Where does all this discussion on data integrity leave us? Three ‘answers’ to the question ‘what is data integrity’ from three different perspectives. There is a lot of commonality even if the terminology is different in each of these domains. In all cases, data integrity is both a set of processes and a desired outcome. The purpose of data integrity might be different (a compliance inspection v.s. reuse of data in open science), but the methods and approaches are similar. And above all, the ‘data’ in ‘data integrity’ means more than just files or bitstreams, it means content in general including metadata, provenance, audit trails and other contextual information such as how data is organised and arranged, how it was created and processed, and how it can be checked and verified. Data is complex and so too is data integrity. And this will only get more complicated and challenging as the types of data that need to be preserved evolve and grow – especially as data becomes ever more entwined with the software and services used to create and use it.

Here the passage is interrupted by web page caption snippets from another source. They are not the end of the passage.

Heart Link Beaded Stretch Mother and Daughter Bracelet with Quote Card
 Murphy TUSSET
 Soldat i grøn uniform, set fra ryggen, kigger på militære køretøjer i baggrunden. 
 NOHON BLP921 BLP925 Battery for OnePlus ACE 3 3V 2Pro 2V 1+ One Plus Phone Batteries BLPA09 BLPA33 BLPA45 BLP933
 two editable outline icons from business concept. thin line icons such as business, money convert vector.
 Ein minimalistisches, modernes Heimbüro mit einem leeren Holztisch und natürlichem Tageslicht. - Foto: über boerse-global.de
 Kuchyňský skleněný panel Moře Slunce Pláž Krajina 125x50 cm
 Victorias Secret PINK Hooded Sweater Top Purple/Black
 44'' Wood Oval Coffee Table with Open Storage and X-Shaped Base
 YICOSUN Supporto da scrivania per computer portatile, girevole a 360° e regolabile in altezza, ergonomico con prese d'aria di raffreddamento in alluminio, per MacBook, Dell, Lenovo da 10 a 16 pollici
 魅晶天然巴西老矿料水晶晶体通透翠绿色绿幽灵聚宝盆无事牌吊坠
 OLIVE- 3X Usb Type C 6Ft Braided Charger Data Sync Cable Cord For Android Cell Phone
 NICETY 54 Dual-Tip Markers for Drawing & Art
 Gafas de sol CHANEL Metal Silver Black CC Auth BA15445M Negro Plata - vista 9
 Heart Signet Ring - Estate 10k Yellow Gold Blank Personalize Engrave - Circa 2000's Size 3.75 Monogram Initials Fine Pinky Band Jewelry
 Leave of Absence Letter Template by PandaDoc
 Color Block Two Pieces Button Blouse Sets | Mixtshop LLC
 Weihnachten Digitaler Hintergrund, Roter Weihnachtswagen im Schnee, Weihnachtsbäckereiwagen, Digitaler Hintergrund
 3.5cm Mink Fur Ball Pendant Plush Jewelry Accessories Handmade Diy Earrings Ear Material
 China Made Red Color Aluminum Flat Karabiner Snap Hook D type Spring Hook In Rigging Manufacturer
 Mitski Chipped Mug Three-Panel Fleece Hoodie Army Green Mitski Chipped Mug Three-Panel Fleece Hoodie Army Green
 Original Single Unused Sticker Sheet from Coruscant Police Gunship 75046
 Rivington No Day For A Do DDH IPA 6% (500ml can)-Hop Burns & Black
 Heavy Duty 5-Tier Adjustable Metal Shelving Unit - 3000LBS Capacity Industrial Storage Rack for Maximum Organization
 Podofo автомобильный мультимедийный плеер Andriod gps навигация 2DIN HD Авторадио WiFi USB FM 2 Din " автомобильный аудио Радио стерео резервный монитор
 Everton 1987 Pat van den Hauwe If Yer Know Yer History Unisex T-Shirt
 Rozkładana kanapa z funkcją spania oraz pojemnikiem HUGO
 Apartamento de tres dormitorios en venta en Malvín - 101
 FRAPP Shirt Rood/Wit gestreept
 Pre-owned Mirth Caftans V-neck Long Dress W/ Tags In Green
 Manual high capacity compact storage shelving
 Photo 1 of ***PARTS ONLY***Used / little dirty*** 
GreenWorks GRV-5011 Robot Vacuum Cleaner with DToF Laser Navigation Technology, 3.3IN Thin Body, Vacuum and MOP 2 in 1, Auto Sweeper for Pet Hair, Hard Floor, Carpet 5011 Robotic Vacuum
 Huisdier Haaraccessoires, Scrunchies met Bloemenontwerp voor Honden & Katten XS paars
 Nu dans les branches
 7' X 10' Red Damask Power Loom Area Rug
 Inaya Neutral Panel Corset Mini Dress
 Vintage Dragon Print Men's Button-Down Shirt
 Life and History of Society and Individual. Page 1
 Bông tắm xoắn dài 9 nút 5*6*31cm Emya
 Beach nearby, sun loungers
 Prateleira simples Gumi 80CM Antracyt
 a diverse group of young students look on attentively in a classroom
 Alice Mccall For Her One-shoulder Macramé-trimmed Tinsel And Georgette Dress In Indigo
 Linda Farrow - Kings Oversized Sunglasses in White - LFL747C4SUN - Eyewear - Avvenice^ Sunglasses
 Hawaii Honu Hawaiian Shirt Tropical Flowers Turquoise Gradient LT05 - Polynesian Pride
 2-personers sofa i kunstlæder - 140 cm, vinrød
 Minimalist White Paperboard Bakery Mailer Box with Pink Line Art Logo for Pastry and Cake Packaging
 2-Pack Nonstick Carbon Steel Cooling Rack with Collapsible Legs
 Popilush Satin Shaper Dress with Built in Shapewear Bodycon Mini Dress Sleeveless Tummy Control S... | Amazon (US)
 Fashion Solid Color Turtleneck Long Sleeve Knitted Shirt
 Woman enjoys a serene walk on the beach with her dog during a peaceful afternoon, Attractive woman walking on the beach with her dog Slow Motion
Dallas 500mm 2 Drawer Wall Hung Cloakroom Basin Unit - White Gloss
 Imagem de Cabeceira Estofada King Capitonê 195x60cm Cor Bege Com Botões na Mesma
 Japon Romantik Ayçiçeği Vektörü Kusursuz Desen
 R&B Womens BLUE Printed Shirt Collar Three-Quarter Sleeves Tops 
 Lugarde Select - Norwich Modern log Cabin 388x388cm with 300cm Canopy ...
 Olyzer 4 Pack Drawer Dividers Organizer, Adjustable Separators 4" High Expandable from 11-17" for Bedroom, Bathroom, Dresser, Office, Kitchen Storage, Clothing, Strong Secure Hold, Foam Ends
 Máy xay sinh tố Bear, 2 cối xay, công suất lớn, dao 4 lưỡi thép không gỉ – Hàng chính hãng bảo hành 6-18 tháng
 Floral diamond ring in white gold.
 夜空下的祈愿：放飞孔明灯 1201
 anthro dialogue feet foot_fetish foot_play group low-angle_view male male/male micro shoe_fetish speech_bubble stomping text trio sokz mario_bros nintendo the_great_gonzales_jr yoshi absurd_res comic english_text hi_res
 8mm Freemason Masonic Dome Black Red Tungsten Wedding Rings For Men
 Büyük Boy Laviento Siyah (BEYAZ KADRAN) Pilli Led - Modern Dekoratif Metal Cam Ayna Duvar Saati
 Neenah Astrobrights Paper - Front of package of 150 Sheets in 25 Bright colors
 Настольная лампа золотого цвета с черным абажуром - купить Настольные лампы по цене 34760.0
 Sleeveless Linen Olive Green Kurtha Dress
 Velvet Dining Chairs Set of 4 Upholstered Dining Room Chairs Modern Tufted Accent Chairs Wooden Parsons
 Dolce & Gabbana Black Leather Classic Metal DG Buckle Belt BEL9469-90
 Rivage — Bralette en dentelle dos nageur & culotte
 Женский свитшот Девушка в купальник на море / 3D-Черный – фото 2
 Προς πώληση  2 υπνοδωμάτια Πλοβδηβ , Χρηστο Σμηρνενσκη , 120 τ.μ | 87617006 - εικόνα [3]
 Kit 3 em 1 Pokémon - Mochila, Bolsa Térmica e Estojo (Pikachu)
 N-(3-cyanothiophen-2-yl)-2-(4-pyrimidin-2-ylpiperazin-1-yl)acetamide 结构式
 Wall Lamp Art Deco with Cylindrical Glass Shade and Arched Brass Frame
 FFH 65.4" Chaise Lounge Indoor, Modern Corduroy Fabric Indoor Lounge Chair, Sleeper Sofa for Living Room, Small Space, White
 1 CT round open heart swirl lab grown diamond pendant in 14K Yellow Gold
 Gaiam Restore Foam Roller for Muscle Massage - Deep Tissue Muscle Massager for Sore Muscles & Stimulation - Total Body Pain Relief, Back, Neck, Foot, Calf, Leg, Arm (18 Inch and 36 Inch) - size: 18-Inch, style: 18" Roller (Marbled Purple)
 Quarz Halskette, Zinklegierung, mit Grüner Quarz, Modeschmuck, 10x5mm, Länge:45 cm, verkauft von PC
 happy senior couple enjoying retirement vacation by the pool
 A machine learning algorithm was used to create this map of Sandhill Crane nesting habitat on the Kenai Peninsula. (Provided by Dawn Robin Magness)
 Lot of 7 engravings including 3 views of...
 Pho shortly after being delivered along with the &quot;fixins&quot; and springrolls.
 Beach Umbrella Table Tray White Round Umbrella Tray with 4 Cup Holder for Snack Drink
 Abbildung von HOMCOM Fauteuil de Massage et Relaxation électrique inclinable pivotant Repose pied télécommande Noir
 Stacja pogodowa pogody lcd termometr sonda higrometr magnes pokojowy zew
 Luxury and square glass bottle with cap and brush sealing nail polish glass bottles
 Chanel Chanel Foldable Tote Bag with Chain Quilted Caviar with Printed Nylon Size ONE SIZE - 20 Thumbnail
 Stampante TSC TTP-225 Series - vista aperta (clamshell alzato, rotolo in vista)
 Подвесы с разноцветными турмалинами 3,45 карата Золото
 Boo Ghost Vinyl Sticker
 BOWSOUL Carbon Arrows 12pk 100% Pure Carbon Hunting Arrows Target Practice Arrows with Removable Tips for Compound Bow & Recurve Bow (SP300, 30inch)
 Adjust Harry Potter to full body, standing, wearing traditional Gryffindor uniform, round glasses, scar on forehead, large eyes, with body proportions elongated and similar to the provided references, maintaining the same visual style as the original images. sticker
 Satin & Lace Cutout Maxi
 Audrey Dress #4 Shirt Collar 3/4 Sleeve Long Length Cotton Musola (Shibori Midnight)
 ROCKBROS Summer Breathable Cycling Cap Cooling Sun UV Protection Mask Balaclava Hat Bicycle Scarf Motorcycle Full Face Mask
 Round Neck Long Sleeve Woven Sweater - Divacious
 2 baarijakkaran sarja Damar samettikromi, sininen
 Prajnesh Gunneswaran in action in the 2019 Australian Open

The boundaries between data and applications is increasingly blurred and the need for integrity applies to both. New tools and techniques will be needed to test, record, verify and recover data integrity in the broadest sense. There is plenty of research that will be needed into achieving data integrity for complex content. New services and solutions will surely emerge in the marketplace as a result. It seems to me that ‘data integrity’ is a worthy, universal, interesting and challenging part of digital preservation that will surely keep many of us busy for years to come.